Saved entries
********
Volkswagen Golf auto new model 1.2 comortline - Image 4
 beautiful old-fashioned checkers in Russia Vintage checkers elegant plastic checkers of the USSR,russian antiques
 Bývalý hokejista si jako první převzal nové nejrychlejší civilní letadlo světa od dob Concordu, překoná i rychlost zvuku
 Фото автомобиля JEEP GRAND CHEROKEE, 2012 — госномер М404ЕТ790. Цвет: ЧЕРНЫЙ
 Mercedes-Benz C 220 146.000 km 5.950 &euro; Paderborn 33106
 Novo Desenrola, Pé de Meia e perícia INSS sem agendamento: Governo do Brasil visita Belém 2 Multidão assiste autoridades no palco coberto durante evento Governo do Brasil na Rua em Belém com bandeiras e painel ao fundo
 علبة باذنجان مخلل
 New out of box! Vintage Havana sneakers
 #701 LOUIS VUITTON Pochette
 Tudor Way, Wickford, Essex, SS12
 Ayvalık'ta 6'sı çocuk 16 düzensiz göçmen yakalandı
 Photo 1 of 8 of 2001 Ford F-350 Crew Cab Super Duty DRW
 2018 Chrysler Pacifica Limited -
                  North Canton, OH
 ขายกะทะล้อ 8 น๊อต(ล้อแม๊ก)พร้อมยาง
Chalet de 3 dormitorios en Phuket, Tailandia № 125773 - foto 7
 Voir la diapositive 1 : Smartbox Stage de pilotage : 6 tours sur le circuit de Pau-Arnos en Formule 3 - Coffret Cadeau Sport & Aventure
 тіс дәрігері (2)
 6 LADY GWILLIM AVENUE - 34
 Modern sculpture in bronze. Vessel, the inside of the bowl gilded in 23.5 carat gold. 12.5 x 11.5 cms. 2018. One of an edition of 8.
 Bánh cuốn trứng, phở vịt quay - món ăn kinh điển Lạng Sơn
********
◆ Task goal
Output the data above in full and exactly.

◆ Expected output
Volkswagen Golf auto new model 1.2 comortline - Image 4
 beautiful old-fashioned checkers in Russia Vintage checkers elegant plastic checkers of the USSR,russian antiques
 Bývalý hokejista si jako první převzal nové nejrychlejší civilní letadlo světa od dob Concordu, překoná i rychlost zvuku
 Фото автомобиля JEEP GRAND CHEROKEE, 2012 — госномер М404ЕТ790. Цвет: ЧЕРНЫЙ
 Mercedes-Benz C 220 146.000 km 5.950 &euro; Paderborn 33106
 Novo Desenrola, Pé de Meia e perícia INSS sem agendamento: Governo do Brasil visita Belém 2 Multidão assiste autoridades no palco coberto durante evento Governo do Brasil na Rua em Belém com bandeiras e painel ao fundo
 علبة باذنجان مخلل
 New out of box! Vintage Havana sneakers
 #701 LOUIS VUITTON Pochette
 Tudor Way, Wickford, Essex, SS12
 Ayvalık'ta 6'sı çocuk 16 düzensiz göçmen yakalandı
 Photo 1 of 8 of 2001 Ford F-350 Crew Cab Super Duty DRW
 2018 Chrysler Pacifica Limited -
                  North Canton, OH
 ขายกะทะล้อ 8 น๊อต(ล้อแม๊ก)พร้อมยาง
Chalet de 3 dormitorios en Phuket, Tailandia № 125773 - foto 7
 Voir la diapositive 1 : Smartbox Stage de pilotage : 6 tours sur le circuit de Pau-Arnos en Formule 3 - Coffret Cadeau Sport & Aventure
 тіс дәрігері (2)
 6 LADY GWILLIM AVENUE - 34
 Modern sculpture in bronze. Vessel, the inside of the bowl gilded in 23.5 carat gold. 12.5 x 11.5 cms. 2018. One of an edition of 8.
 Bánh cuốn trứng, phở vịt quay - món ăn kinh điển Lạng Sơn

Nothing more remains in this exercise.